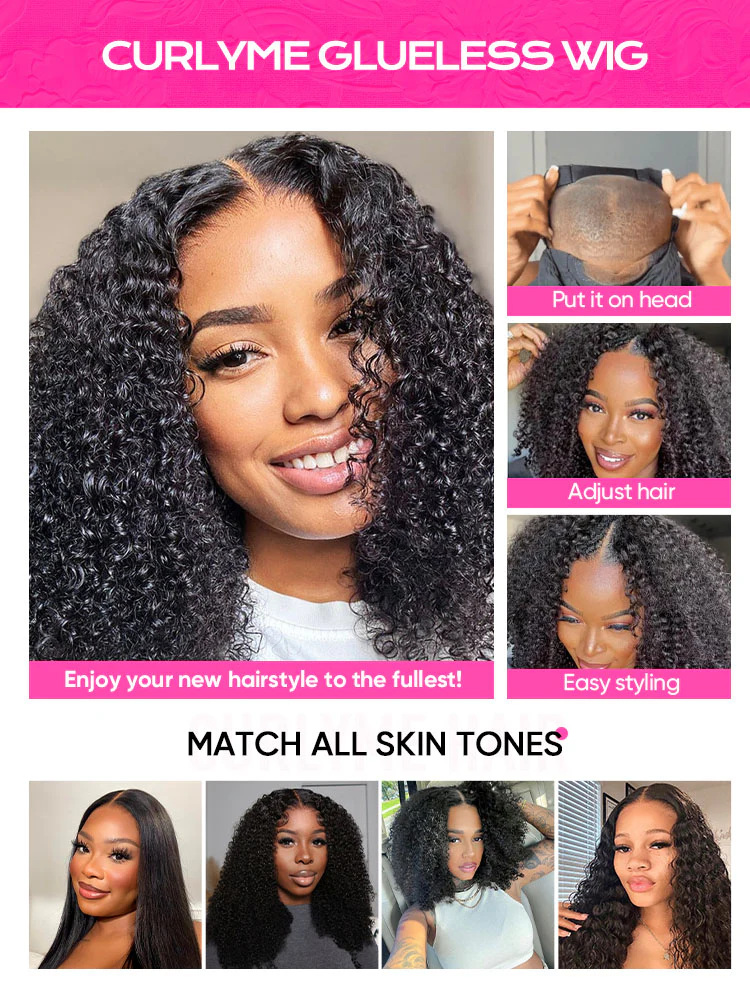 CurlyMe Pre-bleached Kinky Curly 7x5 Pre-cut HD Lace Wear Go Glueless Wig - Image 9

==================================================

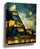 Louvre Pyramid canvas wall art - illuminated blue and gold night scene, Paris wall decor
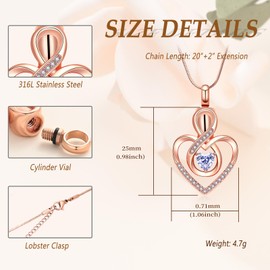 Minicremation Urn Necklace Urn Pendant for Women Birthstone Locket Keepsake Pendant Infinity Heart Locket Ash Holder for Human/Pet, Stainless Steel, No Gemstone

==================================================

**TASK OBJECTIVE**.
Look back at the data above, then output exactly the lines from the line holding "Louvre Pyramid canvas" up to and including the line holding "Minicremation Urn Necklace". Leave out the pictures.

**SOLVED EXERCISE**.
 Louvre Pyramid canvas wall art - illuminated blue and gold night scene, Paris wall decor
 Minicremation Urn Necklace Urn Pendant for Women Birthstone Locket Keepsake Pendant Infinity Heart Locket Ash Holder for Human/Pet, Stainless Steel, No Gemstone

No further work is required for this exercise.